RECORDS SHOWN section start

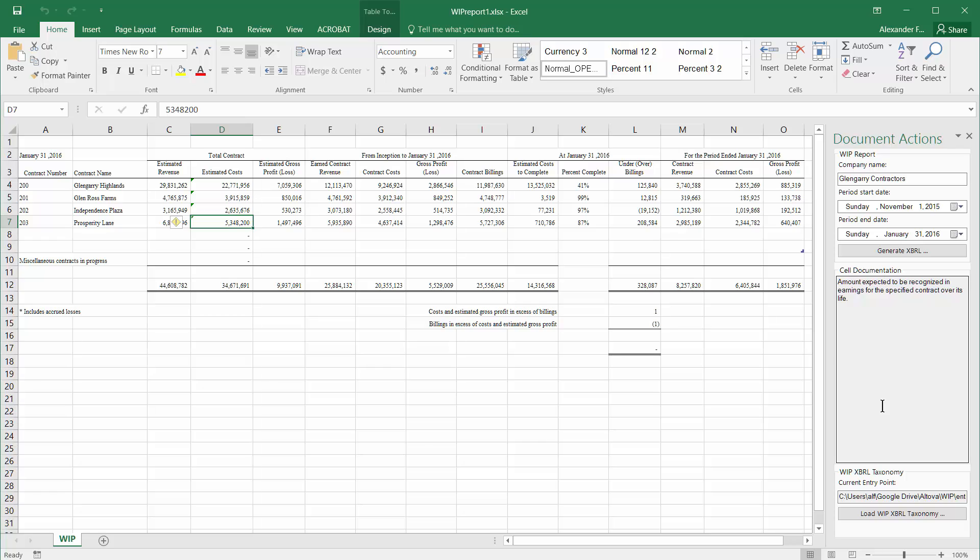The data can either come from a copy-paste operation from another Excel spreadsheet, or you could even just link the data from another source field using Excel formulas.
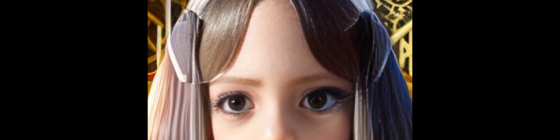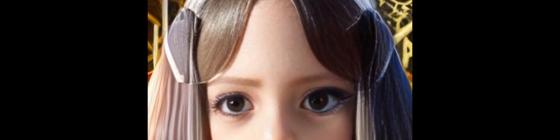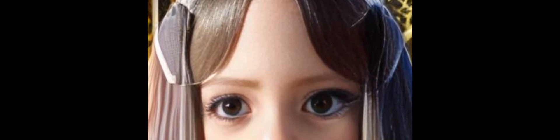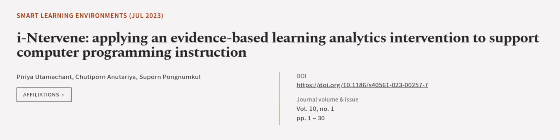This evaluation method aligns with evidence-based research designs. This article was authored by Piriya Utamikant, Tutupon Anutaria, and Supon Pongnamkal. We are article.tv, links in the description below.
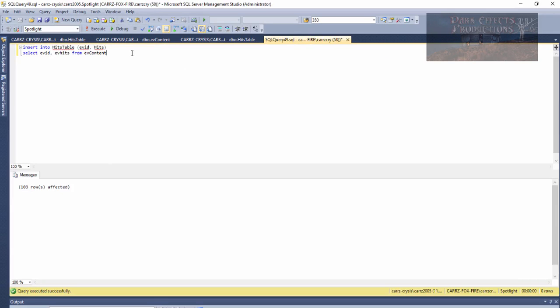That is how you bring data from one table over to another table. Wayne Barron here with DarkFX.net — y'all have a good one. Bye bye.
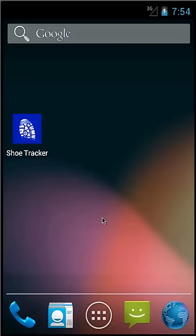Today I'm going to show you how to create a new shoe and delete an old shoe in the Shoe Tracker app.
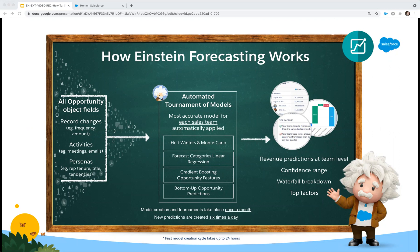Einstein Forecasting provides the revenue prediction by month at the team level and a confidence range. The waterfall breakdown it provides is very helpful to see what revenue has already closed, what new revenue is expected, and how much revenue is expected to fall out of the forecast.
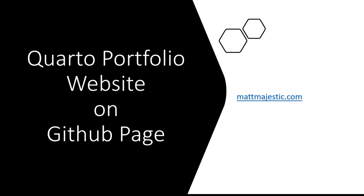Hey everyone, today I'm going to show how you can deploy a Quarto Portfolio website onto a GitHub page for free.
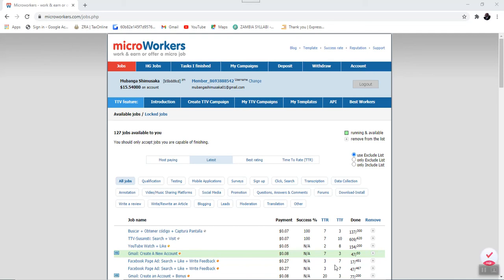Hello there, this is Mubanga and I welcome you to this tutorial where I will talk about the overview of Microworker dashboard. Please be attentive so that you do not miss any part as every part is very important.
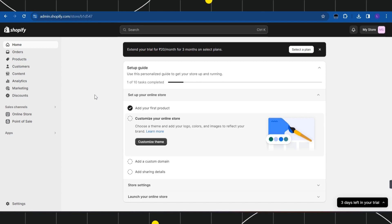First of all, you need to open any of your browsers that you are currently using. In the search bar, you simply need to type admin.shopify.com. Once you have done that, you simply need to log in to your account.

RECORDS SHOWN section end

Go through the data above and transcribe it in full, omitting any image.

FINISHED EXERCISE:
The data can either come from a copy-paste operation from another Excel spreadsheet, or you could even just link the data from another source field using Excel formulas.
This evaluation method aligns with evidence-based research designs. This article was authored by Piriya Utamikant, Tutupon Anutaria, and Supon Pongnamkal. We are article.tv, links in the description below.
That is how you bring data from one table over to another table. Wayne Barron here with DarkFX.net — y'all have a good one. Bye bye.
Today I'm going to show you how to create a new shoe and delete an old shoe in the Shoe Tracker app.
Einstein Forecasting provides the revenue prediction by month at the team level and a confidence range. The waterfall breakdown it provides is very helpful to see what revenue has already closed, what new revenue is expected, and how much revenue is expected to fall out of the forecast.
Hey everyone, today I'm going to show how you can deploy a Quarto Portfolio website onto a GitHub page for free.
Hello there, this is Mubanga and I welcome you to this tutorial where I will talk about the overview of Microworker dashboard. Please be attentive so that you do not miss any part as every part is very important.
First of all, you need to open any of your browsers that you are currently using. In the search bar, you simply need to type admin.shopify.com. Once you have done that, you simply need to log in to your account.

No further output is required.